A file photo in which Georgian Orthodox church, Armenian church and a mosque are seen in Tbilisi’s Old Town. Photo: Guram Muradov/Civil.ge
The Georgian government adopted a decree laying out rules and procedures for allocation of state funds to four minority religious confessions in the country as a “partial compensation for damages inflicted by the Soviet totalitarian regime.”
The decree, which was published on January 30 on the state online registry of legal acts, makes eligible for state funding Diocese of the Armenian Apostolic Church in Georgia, Roman Catholic Church in Georgia, Muslim and Jewish groups.
According to the decree state funds should be allocated “annually” from the state budget.

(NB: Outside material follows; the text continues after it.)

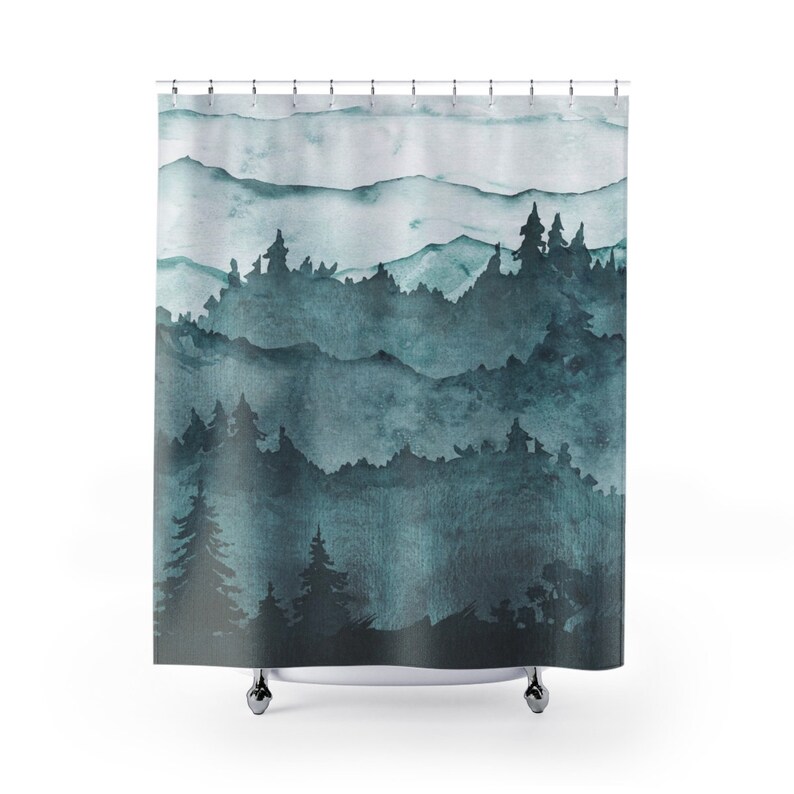 Mountains and Forest Watercolor Shower Curtain Etsy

The decree does not specify amount of funding; it says that a state inter-agency commission on religious issues will recommend the government precise amount of funding. The decree specifies that it will be only up to the government to set exact amount and rules for annual payment. The decree also instructs the Finance Ministry to present within a month its proposals over the allocation of funds.
State Minister for Reconciliation and Civic Equality, Paata Zakareishvili, said on January 27 that the government was considering allocation of total of GEL 4.5 million in 2014 for these four religious groups. He said that the fund would be allocated “proportionally” among the four religious groups, but details have yet to be elaborated.

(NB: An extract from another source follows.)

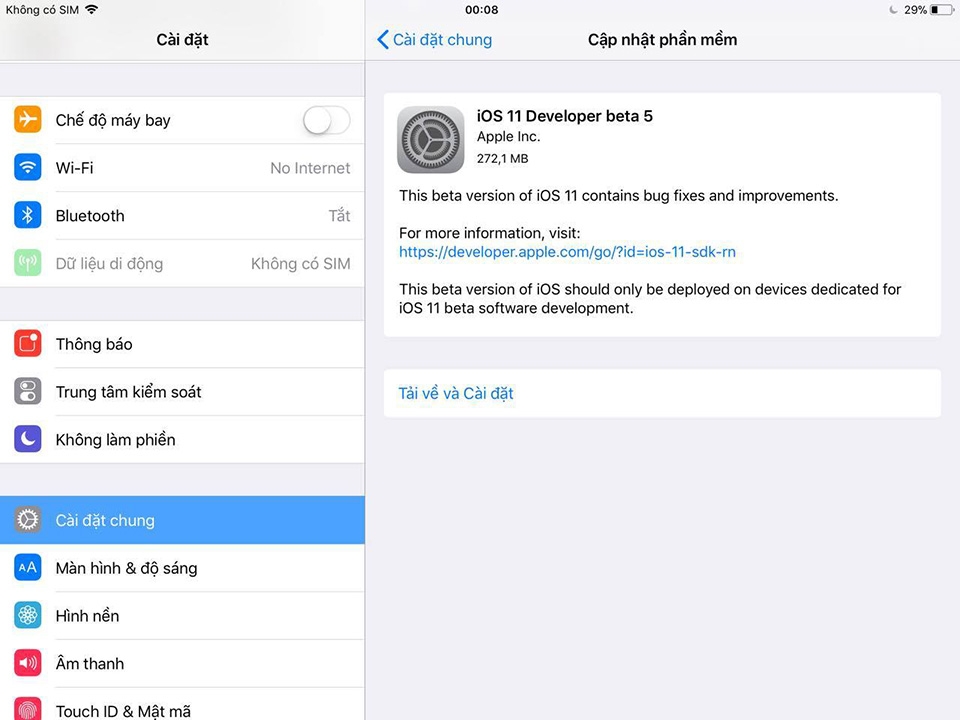 Apple phát hành iOS 11 Developer beta 5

The decree says that “precise amount of damage” inflicted to these religious groups by the Soviet regime “is unknown, hence compensation will be made symbolically.”
As a result of legislative amendments passed by the previous Parliament in 2011, religious minority groups in Georgia were given a right to be registered as legal entities under public law. Several religious confessions are represented by several separate groups; for example there is more than one Muslim group registered as legal entity under public law.

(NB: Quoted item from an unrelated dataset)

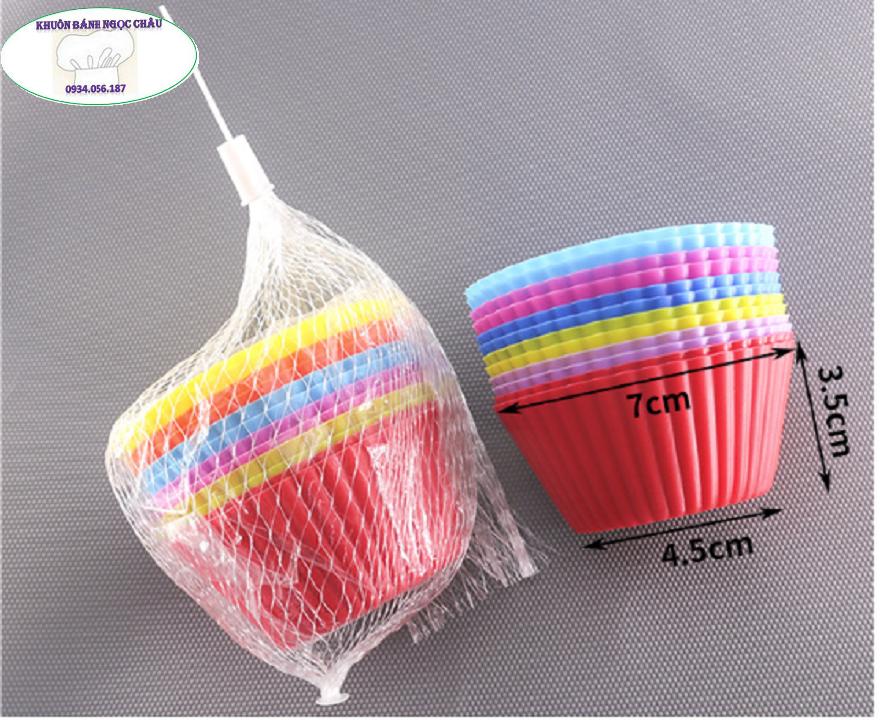 Combo 12 khuôn silicon làm bánh cupcake, bột lọc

The decree specifies that a recipient of state funding should be only one entity from eligible religious confessions. The decree sets three possible options for these groups: to carry out “reorganization” and get united under a single legal entity of public law; to create a joint “coordination council”, which will be authorized to act on behalf of respective religious confession without the need to unite under a single legal entity; or to choose one of the legal entities, which will have a written permission from others to act on behalf of respective religious confession on matters related to receiving state funding.
Religious confessions will have to choose one of these options and notify the authorities before May 1, 2014.
Currently the Georgian Orthodox Church is the only religious group in the country with a line item in the state budget. 2014 state budget envisages GEL 25 million for the Georgian Orthodox Church.